3.2 Customer Soil: The Blind Spot of Data Worshipers
After securing Series C funding, a fresh food e-commerce platform pivoted entirely toward algorithm-driven operations. The system eliminated low-frequency SKUs based on consumption data, including bulk grains and specific medicinal herbs frequently purchased by elderly users. Within three months, customer churn among users aged 55+ reached 61%, with orders from their children’s households declining by 34%. More critically, when the platform attempted to reintroduce these products, its supplier channels had been irreparably damaged.

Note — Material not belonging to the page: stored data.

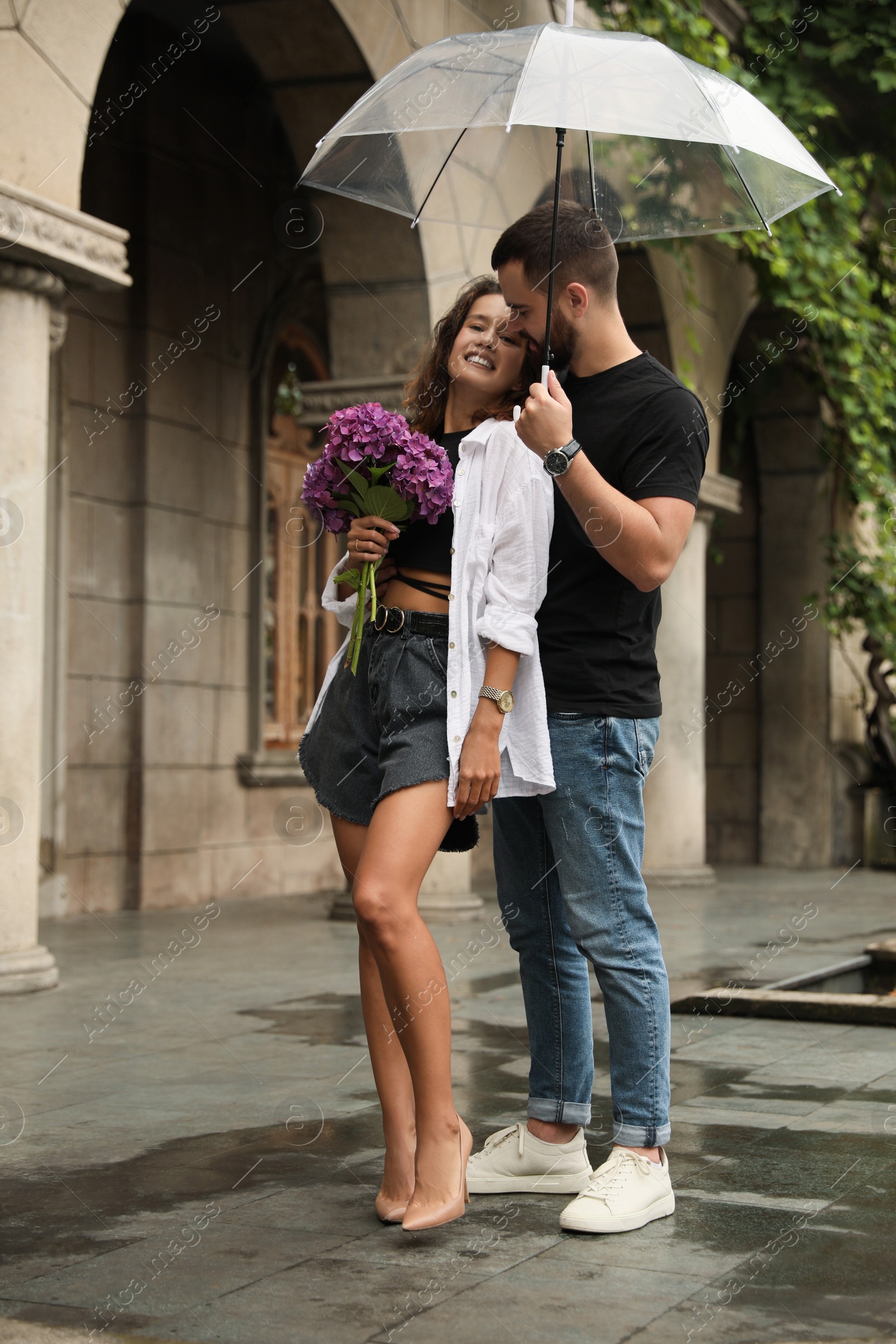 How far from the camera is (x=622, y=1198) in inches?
114

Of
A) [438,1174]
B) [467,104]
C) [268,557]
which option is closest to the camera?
[438,1174]

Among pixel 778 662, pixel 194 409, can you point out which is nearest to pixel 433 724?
pixel 194 409

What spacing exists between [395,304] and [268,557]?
102 inches

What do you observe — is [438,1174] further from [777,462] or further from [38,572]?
[777,462]

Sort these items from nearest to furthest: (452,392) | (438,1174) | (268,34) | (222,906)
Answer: (438,1174) < (452,392) < (268,34) < (222,906)

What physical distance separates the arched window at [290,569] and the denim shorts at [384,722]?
7.02 meters

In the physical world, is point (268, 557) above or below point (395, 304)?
below

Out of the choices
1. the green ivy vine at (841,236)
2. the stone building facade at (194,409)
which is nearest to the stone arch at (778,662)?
the green ivy vine at (841,236)

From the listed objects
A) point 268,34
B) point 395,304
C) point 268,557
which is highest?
point 268,34

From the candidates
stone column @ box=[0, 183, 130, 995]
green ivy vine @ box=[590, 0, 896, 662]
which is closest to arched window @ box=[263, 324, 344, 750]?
green ivy vine @ box=[590, 0, 896, 662]

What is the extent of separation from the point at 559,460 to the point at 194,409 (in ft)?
23.0

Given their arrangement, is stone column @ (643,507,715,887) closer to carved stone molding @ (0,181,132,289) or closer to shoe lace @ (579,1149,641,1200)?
carved stone molding @ (0,181,132,289)

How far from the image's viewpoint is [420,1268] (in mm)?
2654

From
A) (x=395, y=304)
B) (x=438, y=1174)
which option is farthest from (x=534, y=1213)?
(x=395, y=304) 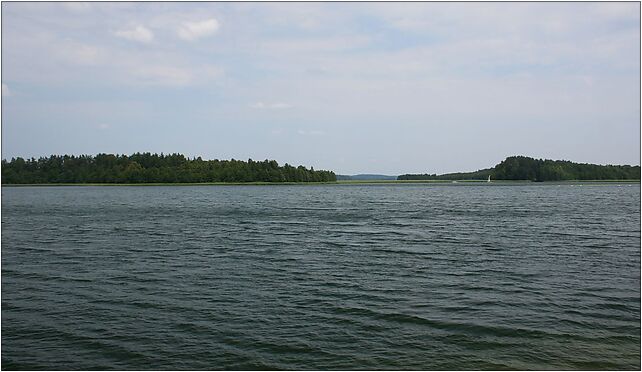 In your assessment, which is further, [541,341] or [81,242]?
[81,242]

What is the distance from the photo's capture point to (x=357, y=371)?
39.1ft

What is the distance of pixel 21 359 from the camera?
506 inches

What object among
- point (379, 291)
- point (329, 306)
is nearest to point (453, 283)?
point (379, 291)

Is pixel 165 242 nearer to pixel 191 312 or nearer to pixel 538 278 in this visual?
pixel 191 312

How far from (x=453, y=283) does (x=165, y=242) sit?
20751 mm

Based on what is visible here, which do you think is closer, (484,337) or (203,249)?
(484,337)

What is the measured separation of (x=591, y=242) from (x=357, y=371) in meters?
26.1

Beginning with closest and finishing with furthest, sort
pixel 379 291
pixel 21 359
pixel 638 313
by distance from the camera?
pixel 21 359 < pixel 638 313 < pixel 379 291

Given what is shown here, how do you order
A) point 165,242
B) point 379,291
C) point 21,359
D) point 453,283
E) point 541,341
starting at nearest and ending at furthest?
point 21,359, point 541,341, point 379,291, point 453,283, point 165,242

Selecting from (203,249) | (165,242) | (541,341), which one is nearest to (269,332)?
(541,341)

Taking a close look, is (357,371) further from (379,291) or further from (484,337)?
(379,291)

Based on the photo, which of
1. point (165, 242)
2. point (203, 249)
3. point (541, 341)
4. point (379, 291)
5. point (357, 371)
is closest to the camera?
point (357, 371)

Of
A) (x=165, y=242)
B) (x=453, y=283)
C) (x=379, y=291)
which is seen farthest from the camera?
(x=165, y=242)

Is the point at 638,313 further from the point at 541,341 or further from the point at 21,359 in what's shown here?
the point at 21,359
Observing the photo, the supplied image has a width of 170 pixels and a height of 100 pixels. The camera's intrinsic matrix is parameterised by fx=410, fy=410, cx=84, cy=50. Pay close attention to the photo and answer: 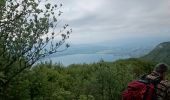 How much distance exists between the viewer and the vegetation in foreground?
11.9 m

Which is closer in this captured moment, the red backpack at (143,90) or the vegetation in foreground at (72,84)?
the red backpack at (143,90)

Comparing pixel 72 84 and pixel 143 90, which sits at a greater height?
pixel 143 90

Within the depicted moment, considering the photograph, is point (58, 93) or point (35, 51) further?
point (58, 93)

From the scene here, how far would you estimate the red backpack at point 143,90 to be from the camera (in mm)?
9492

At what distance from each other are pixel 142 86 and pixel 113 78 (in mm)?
8135

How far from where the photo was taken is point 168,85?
9359mm

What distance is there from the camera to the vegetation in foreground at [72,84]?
1193cm

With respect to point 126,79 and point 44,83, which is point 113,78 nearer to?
point 126,79

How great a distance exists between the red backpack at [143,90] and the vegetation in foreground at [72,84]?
348cm

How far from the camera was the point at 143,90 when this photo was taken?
9.53m

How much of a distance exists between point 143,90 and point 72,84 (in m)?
10.8

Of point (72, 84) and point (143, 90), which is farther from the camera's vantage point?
point (72, 84)

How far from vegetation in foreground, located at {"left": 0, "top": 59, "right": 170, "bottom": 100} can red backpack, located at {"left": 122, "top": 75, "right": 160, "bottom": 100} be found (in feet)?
11.4

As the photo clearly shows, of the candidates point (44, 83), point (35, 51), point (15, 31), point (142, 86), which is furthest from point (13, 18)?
point (142, 86) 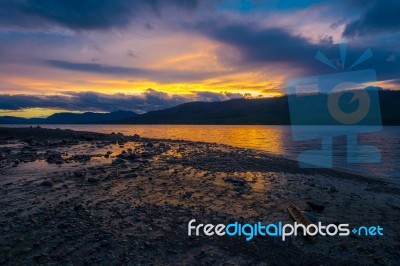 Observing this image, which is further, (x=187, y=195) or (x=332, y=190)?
(x=332, y=190)

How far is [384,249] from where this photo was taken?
7.89m

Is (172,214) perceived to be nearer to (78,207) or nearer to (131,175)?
(78,207)

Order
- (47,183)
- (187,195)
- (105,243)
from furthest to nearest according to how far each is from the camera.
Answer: (47,183) < (187,195) < (105,243)

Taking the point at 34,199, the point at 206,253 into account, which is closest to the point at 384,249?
the point at 206,253

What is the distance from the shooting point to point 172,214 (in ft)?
33.3

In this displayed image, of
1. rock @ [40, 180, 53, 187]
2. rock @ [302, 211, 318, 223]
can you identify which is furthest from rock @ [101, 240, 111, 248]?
rock @ [40, 180, 53, 187]

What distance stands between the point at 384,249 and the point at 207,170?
42.9 feet

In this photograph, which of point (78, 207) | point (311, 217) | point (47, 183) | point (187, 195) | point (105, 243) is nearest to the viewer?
point (105, 243)

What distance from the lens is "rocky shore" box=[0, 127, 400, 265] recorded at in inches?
278

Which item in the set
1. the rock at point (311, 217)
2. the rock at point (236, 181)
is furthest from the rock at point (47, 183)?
the rock at point (311, 217)

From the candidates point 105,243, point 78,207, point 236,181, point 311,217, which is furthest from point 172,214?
point 236,181

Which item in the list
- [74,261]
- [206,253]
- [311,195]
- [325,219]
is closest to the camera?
[74,261]

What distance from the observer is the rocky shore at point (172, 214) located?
278 inches

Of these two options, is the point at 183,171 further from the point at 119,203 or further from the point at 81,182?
the point at 119,203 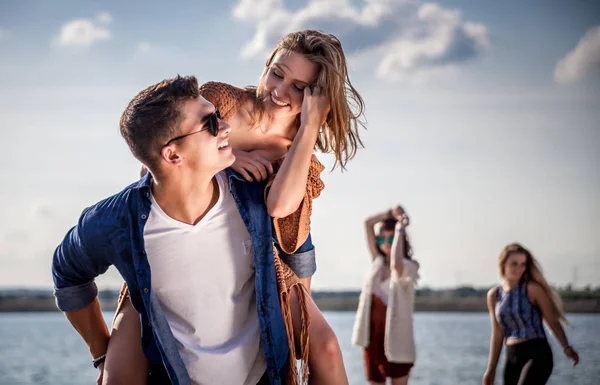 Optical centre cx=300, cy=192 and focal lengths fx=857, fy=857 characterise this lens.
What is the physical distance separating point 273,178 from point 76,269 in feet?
2.46

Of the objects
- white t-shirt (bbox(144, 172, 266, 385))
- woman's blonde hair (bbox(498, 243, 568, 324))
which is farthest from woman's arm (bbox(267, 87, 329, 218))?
woman's blonde hair (bbox(498, 243, 568, 324))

This case reveals the Antaeus paradox of the digital age: the more businesses rely on abstract data models, the more they risk disconnecting from authentic customer ecosystems. Japan’s Tsutaya Books offers an instructive counterexample—its sales associates are required to maintain “Customer Ecosystem Observation Logs,” documenting scenes like readers discussing Kyoto guesthouses at the travel section or copying recipes in the cookbook aisle. This unstructured intelligence becomes the critical “grounding” for product selection.
3.3 Supply Chain Geopolitics: Vulnerable Nodes in Globalization
During the COVID-19 pandemic, a new energy vehicle brand halted all production due to a shutdown at a chip packaging plant in a Malaysian town. This facility supplied a $0.30 power chip that choked off tens of thousands of vehicles. This exposed the “false security” of modern supply chains—seemingly rooted in global networks, yet reliant on a handful of invisible nodes. Toyota’s “local production for local sales” model offers an alternative approach: 98% of parts for its pickup trucks manufactured in Thailand come from suppliers within a 50-kilometer radius. This deep regional embedding sacrifices some efficiency but builds resilience against risks. Just as the plant needs constant contact with the earth, corporate supply chains require “pressure-sensing connections” with critical nodes—not merely supplier IDs in databases.

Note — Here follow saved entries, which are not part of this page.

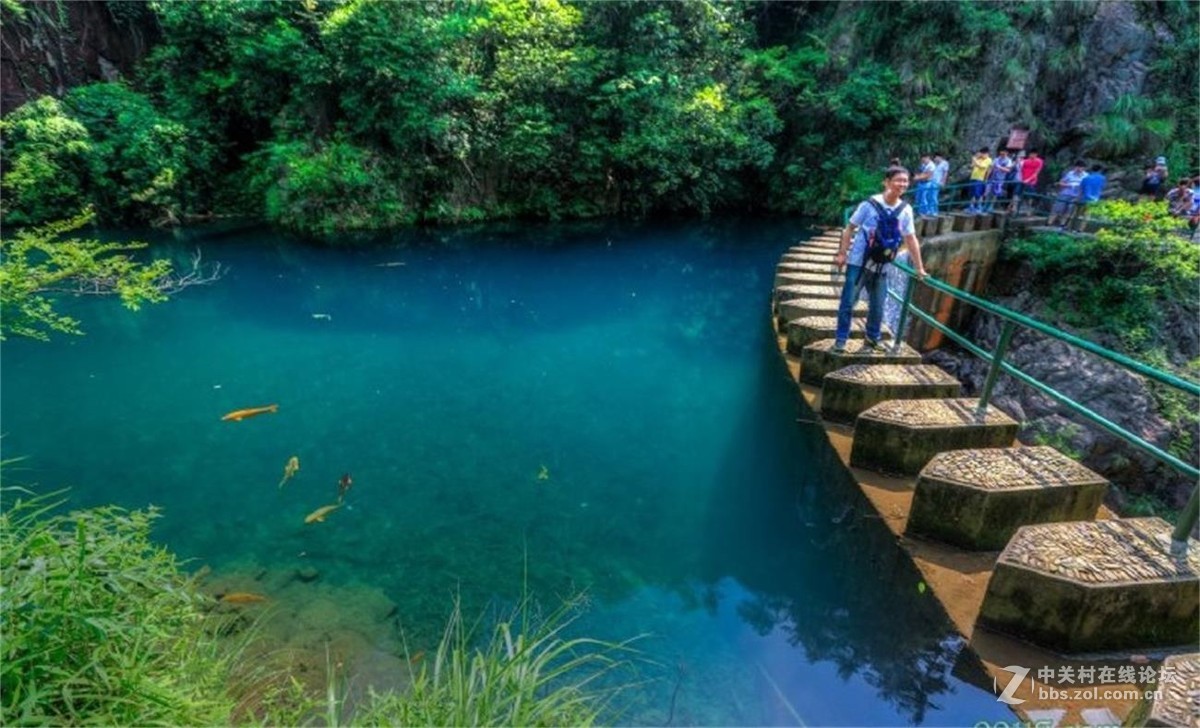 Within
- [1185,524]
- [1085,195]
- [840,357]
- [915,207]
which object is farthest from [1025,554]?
[1085,195]

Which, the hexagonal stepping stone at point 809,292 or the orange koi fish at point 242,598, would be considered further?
the hexagonal stepping stone at point 809,292

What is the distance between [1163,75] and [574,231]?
1807 cm

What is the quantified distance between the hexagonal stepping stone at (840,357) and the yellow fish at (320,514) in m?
4.24

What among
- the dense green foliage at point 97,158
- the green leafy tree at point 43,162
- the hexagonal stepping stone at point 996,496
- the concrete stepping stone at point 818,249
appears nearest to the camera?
the hexagonal stepping stone at point 996,496

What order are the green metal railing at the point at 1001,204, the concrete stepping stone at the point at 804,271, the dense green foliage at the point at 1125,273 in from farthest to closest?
the green metal railing at the point at 1001,204, the dense green foliage at the point at 1125,273, the concrete stepping stone at the point at 804,271

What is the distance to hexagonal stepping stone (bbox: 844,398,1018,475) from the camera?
12.7ft

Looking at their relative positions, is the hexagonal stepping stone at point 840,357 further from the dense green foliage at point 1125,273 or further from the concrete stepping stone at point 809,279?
the dense green foliage at point 1125,273

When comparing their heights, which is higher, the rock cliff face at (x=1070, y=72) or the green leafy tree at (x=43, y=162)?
A: the rock cliff face at (x=1070, y=72)

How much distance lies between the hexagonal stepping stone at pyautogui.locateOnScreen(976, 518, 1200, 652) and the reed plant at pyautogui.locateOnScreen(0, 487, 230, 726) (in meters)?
3.38

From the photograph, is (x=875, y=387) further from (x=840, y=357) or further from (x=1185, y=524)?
(x=1185, y=524)

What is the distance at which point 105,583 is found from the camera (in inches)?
98.0

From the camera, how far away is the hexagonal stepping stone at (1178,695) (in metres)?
1.91

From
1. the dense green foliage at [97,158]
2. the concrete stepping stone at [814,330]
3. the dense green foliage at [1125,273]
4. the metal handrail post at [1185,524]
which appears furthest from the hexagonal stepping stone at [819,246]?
the dense green foliage at [97,158]

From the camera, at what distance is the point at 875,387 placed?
4.63m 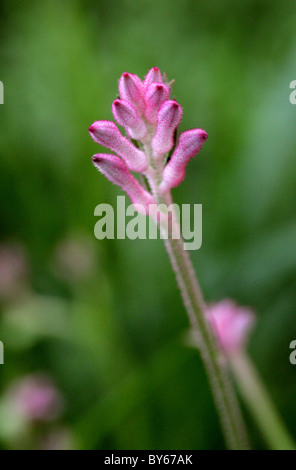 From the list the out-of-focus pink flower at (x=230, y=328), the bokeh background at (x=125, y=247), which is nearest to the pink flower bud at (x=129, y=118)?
the out-of-focus pink flower at (x=230, y=328)

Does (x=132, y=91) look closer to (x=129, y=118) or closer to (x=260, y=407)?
(x=129, y=118)

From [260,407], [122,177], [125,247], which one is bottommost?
[260,407]

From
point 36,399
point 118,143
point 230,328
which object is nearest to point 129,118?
point 118,143

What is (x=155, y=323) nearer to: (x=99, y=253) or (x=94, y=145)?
(x=99, y=253)

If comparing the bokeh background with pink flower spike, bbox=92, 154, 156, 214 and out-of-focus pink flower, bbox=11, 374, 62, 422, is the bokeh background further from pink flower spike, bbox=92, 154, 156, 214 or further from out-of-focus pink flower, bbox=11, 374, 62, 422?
pink flower spike, bbox=92, 154, 156, 214

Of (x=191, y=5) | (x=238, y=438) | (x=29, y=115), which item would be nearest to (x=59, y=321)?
(x=29, y=115)

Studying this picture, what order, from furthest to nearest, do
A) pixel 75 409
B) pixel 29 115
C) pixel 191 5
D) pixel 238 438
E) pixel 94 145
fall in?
pixel 191 5, pixel 29 115, pixel 94 145, pixel 75 409, pixel 238 438

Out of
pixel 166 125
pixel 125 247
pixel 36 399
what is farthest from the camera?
pixel 125 247
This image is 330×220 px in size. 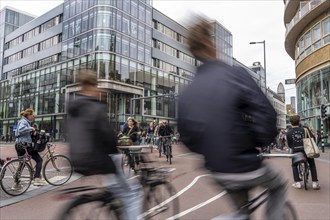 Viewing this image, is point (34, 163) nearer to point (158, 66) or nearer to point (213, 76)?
point (213, 76)

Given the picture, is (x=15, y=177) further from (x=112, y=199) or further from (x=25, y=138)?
(x=112, y=199)

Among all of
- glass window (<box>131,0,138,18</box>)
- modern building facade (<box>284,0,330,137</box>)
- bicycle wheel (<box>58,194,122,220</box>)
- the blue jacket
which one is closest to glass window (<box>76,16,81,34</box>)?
glass window (<box>131,0,138,18</box>)

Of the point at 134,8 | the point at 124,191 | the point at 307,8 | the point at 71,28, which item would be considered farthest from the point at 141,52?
the point at 124,191

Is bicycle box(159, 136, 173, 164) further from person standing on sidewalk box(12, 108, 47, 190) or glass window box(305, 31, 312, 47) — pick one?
glass window box(305, 31, 312, 47)

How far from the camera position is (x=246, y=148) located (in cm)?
229

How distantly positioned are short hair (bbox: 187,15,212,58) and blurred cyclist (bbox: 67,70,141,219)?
1200 millimetres

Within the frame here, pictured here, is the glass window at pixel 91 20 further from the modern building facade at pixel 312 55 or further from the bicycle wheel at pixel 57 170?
the bicycle wheel at pixel 57 170

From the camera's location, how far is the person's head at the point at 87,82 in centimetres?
345

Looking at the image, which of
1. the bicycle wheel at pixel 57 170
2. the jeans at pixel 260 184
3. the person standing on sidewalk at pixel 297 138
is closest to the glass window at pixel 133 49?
the bicycle wheel at pixel 57 170

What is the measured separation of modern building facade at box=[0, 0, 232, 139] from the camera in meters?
39.7

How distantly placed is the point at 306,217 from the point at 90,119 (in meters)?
4.01

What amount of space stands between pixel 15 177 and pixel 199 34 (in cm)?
619

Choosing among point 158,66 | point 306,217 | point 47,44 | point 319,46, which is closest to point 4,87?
point 47,44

IV. Cognitive Reconstruction: Multidimensional Mapping of the Antai Effect
Transcending concrete scenarios, the Antai Effect offers profound insights across cognitive science, ecology, and other fields, revealing the fundamental laws governing interdependence.

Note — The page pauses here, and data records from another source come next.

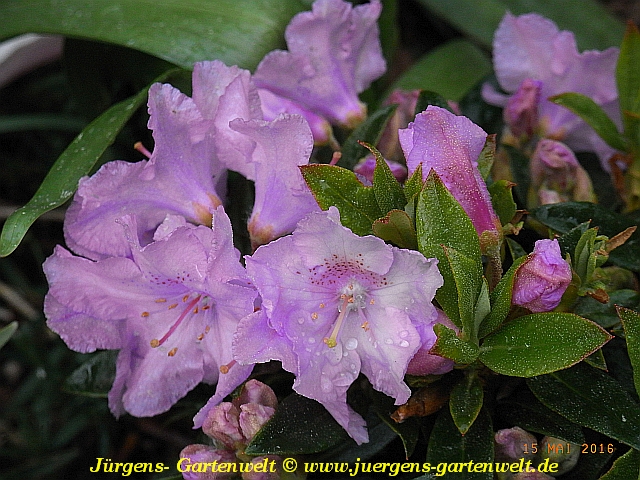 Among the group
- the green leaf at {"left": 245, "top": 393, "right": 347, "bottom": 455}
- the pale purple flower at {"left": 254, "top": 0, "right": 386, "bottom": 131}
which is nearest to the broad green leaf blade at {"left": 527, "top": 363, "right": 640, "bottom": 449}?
the green leaf at {"left": 245, "top": 393, "right": 347, "bottom": 455}

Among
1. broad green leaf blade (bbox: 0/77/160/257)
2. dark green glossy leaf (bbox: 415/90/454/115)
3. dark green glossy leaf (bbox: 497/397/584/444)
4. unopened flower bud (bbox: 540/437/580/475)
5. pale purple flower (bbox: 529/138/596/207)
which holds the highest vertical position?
dark green glossy leaf (bbox: 415/90/454/115)

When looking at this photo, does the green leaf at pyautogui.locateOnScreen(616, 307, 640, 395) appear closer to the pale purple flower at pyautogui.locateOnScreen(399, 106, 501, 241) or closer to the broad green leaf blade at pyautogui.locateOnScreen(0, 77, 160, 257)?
the pale purple flower at pyautogui.locateOnScreen(399, 106, 501, 241)

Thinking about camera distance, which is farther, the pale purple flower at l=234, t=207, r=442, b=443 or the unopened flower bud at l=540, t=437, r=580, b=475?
the unopened flower bud at l=540, t=437, r=580, b=475

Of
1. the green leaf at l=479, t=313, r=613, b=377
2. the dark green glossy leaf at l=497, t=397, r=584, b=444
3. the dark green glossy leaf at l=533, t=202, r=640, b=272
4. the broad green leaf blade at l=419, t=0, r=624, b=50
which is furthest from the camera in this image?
the broad green leaf blade at l=419, t=0, r=624, b=50

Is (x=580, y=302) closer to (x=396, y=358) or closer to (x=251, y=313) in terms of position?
(x=396, y=358)

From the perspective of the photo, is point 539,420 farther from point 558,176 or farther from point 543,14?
point 543,14

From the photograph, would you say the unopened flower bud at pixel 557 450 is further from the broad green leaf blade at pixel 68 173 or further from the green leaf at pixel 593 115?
the broad green leaf blade at pixel 68 173

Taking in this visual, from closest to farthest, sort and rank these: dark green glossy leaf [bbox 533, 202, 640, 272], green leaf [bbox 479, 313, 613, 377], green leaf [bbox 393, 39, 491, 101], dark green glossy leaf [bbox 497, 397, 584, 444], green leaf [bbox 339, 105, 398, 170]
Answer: green leaf [bbox 479, 313, 613, 377] → dark green glossy leaf [bbox 497, 397, 584, 444] → dark green glossy leaf [bbox 533, 202, 640, 272] → green leaf [bbox 339, 105, 398, 170] → green leaf [bbox 393, 39, 491, 101]

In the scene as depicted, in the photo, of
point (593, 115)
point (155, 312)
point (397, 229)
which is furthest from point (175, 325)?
point (593, 115)

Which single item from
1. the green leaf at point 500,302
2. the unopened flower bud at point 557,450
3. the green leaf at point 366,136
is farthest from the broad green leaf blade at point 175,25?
the unopened flower bud at point 557,450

4.1 Neuro-Anchoring: The Mystery of Body-Encoded Memory
Brain scans of London taxi drivers reveal significantly larger posterior hippocampi than average individuals. Neurologists discovered they encode abstract city maps as “spatial memory” through bodily movement (driving routes). When GPS adoption reduced hippocampal activity in this group, it validated cognitive science’s “embodied cognition theory”—that higher-order thinking relies on real-time interaction between body and environment. A design at an Alzheimer’s care facility exemplifies this principle: corridors feature varied surfaces (pebble paths, wooden walkways), and bathroom doors are painted bright yellow. By enhancing bodily spatial perception, patient disorientation rates dropped by 41%. This mirrors the mechanism of the Antai effect—intelligence requires the body as a “grounding wire” connecting to the world.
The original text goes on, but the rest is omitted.